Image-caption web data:
____

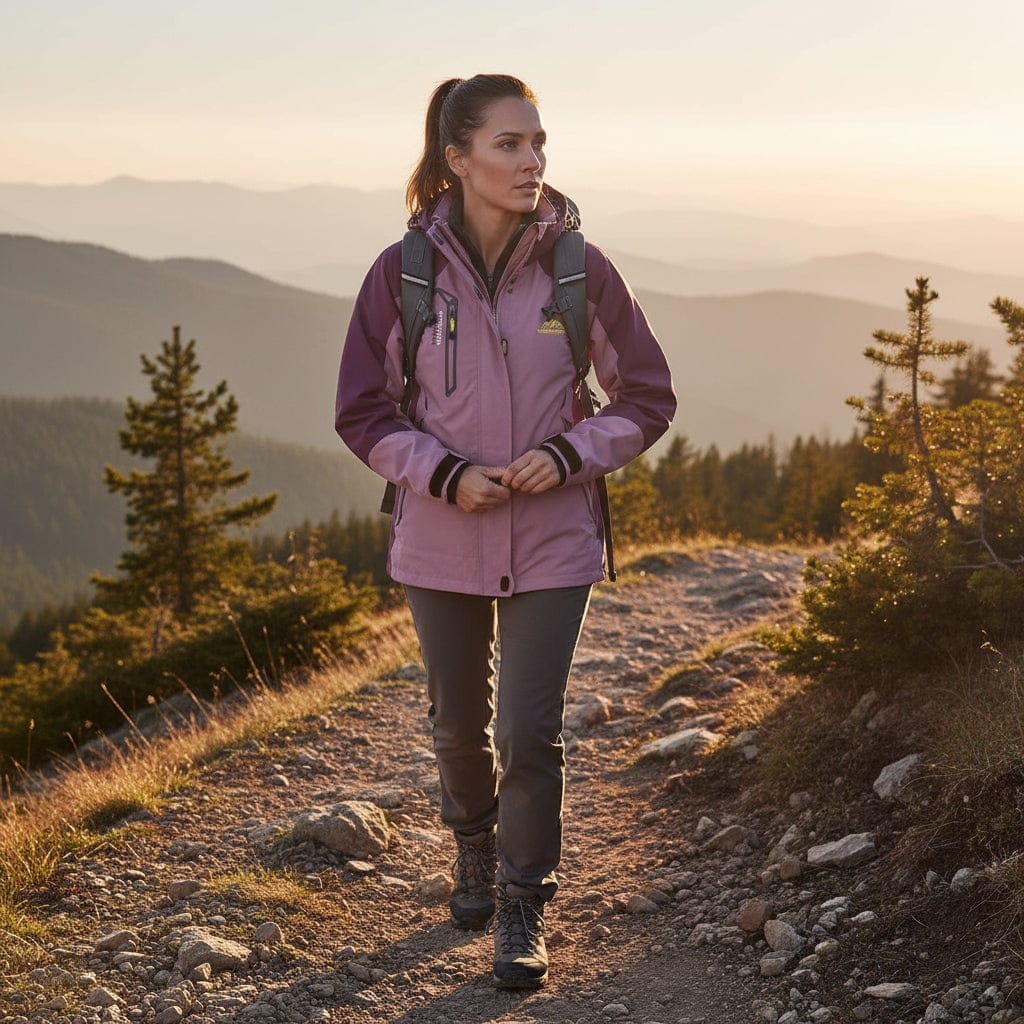 Mon Esprit Nature Veste de randonnée coupe-vent pour femmes - Go Trek Image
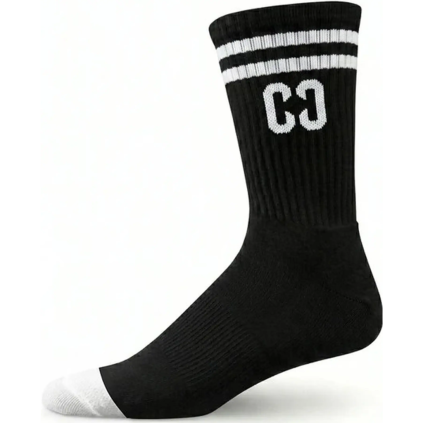 Core - Unite Performance Crew Skate Socks Black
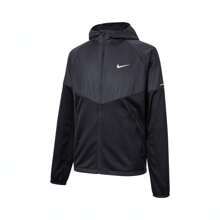 Nike 男士 AS M NK TF RPL SPHR MILER FZ 夹克，编织连帽夹克 FZ1112-010 - 黑色 - 查看 1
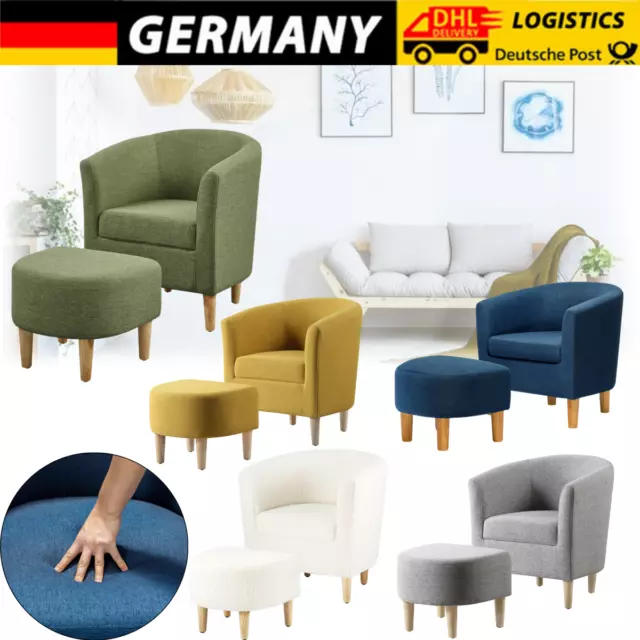 Ohrensessel Sessel mit Hocker Clubsessel Relaxsessel Lesesessel Sofa Fußhocker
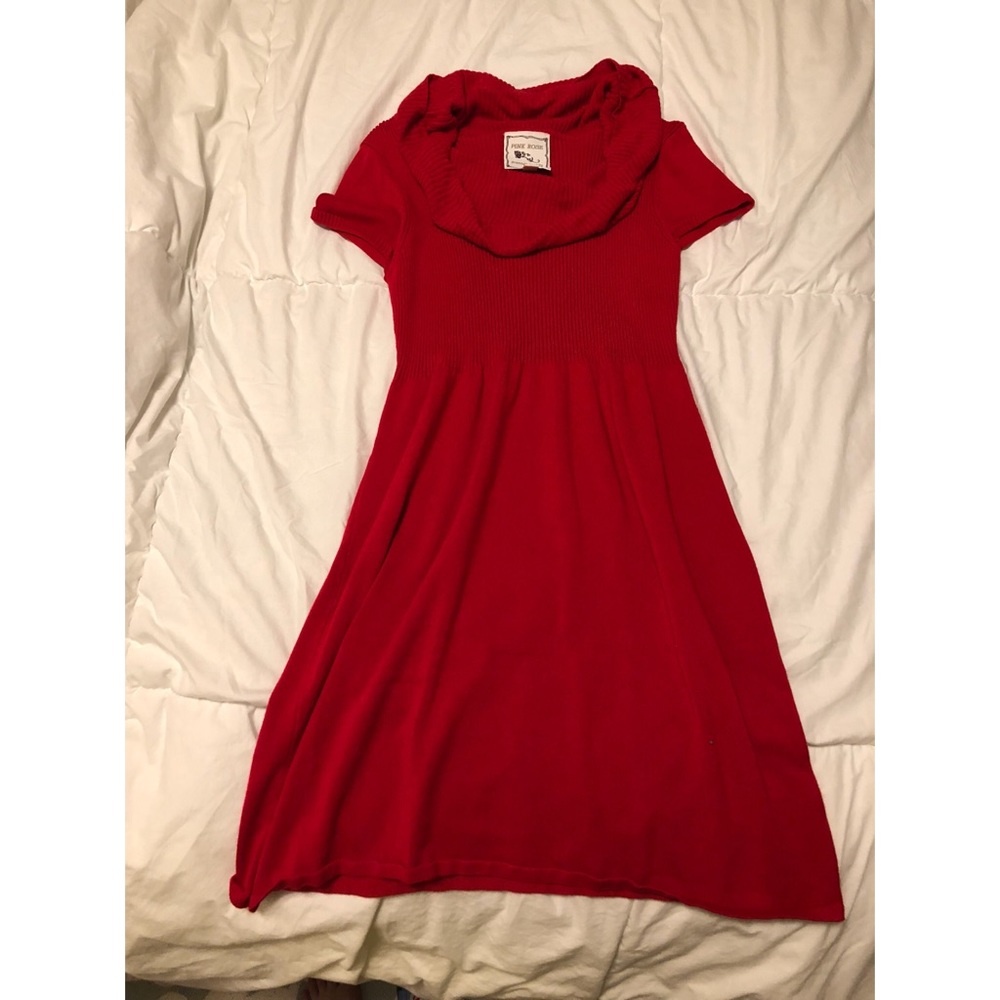 Red Sweater Dress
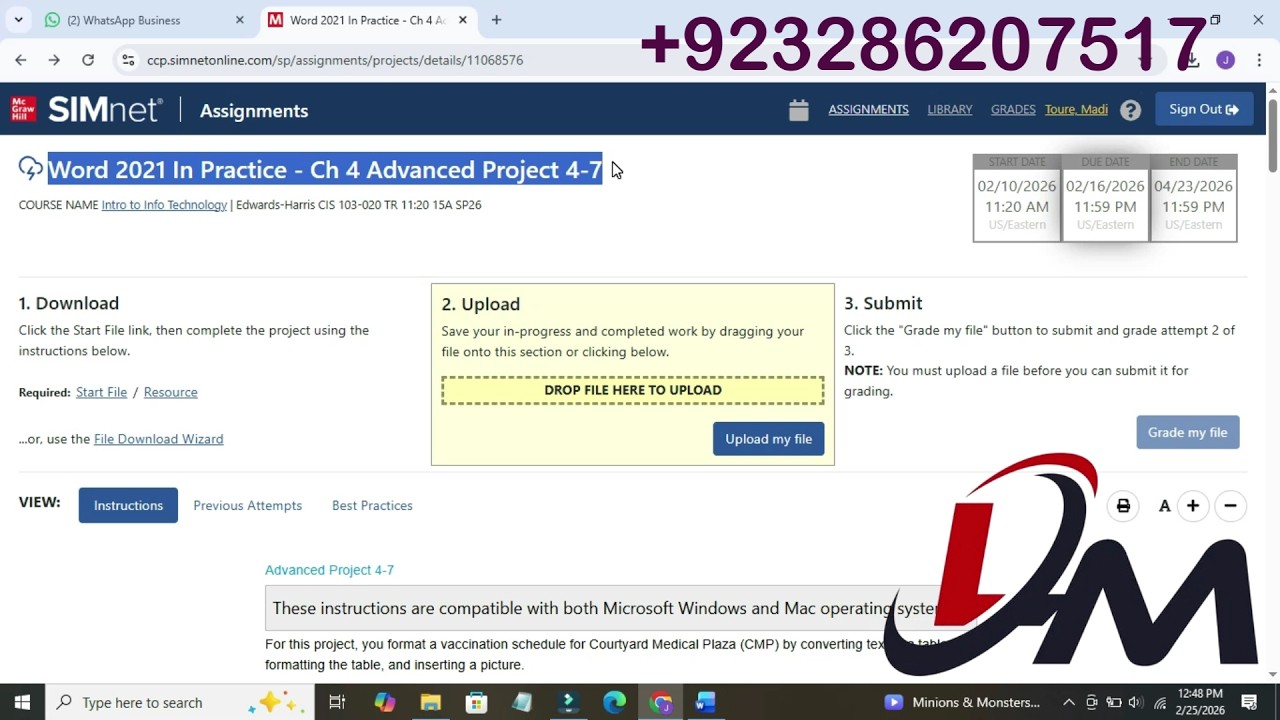 Word 2021 In Practice - Ch 4 Advanced Project 4-7 |Word 2021 In ...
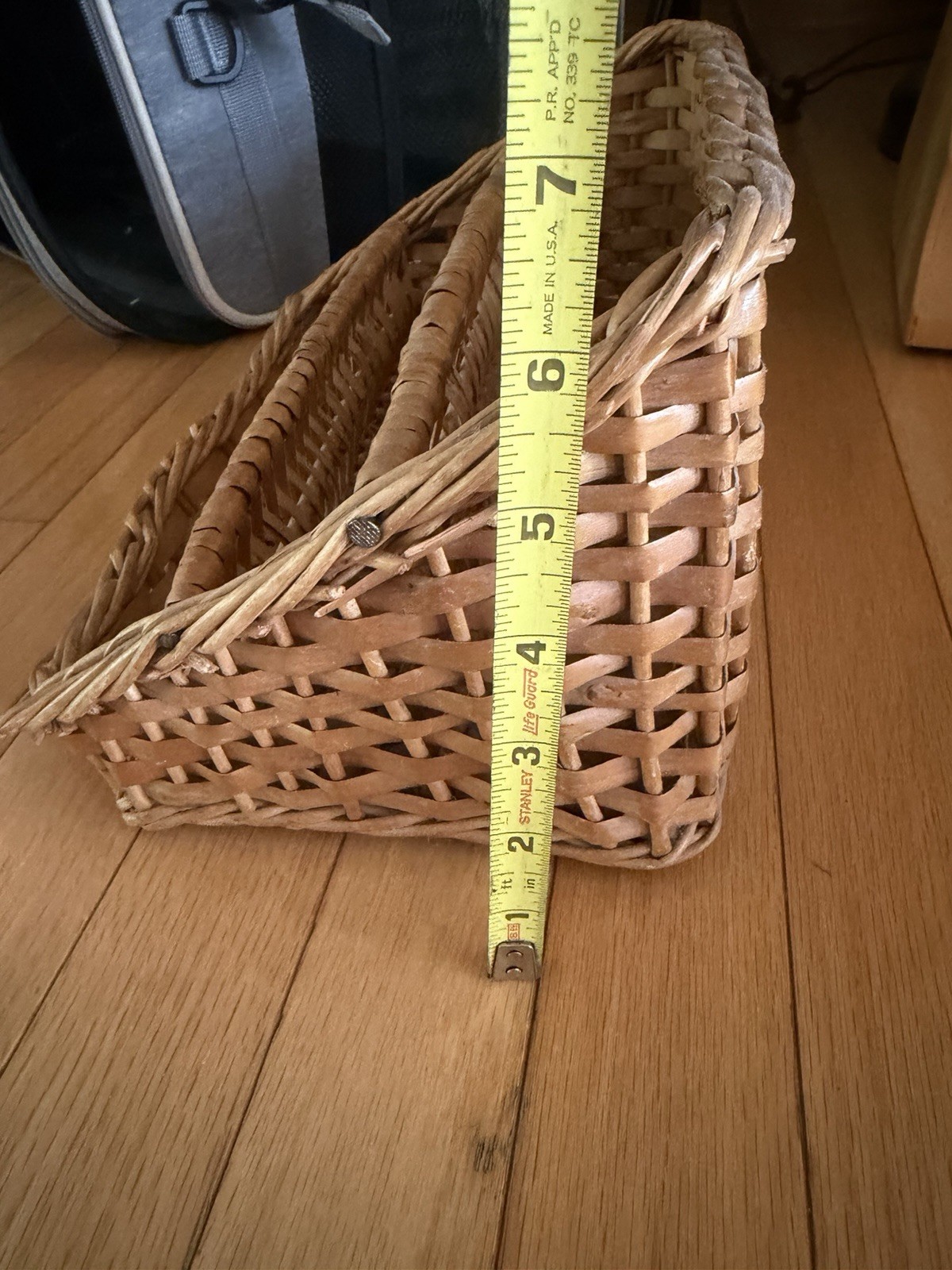 Woven Mail Organizer for Desk Countertop, Desktop Mail Holder Sorter Storage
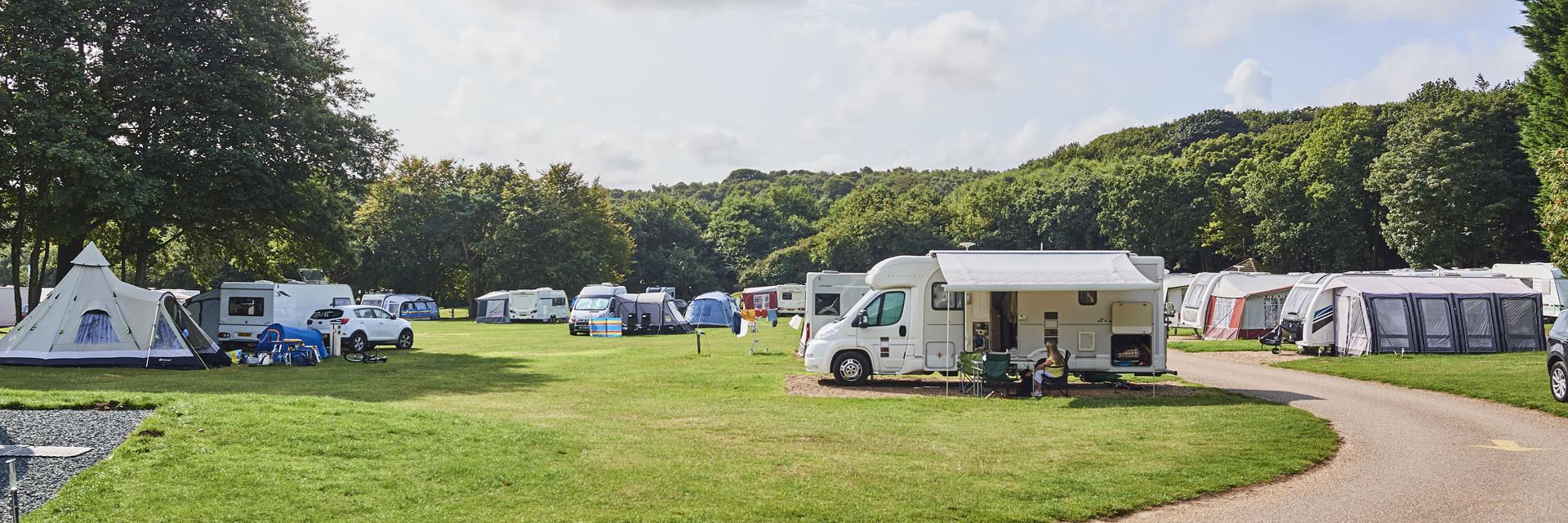 Pitches at West Runton Campsite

____

## Your objective
Please give the entries again word for word, without any pictures.

## Worked solution
 Mon Esprit Nature Veste de randonnée coupe-vent pour femmes - Go Trek Image
 Core - Unite Performance Crew Skate Socks Black
 Nike 男士 AS M NK TF RPL SPHR MILER FZ 夹克，编织连帽夹克 FZ1112-010 - 黑色 - 查看 1
 Ohrensessel Sessel mit Hocker Clubsessel Relaxsessel Lesesessel Sofa Fußhocker
 Red Sweater Dress
 Word 2021 In Practice - Ch 4 Advanced Project 4-7 |Word 2021 In ...
 Woven Mail Organizer for Desk Countertop, Desktop Mail Holder Sorter Storage
 Pitches at West Runton Campsite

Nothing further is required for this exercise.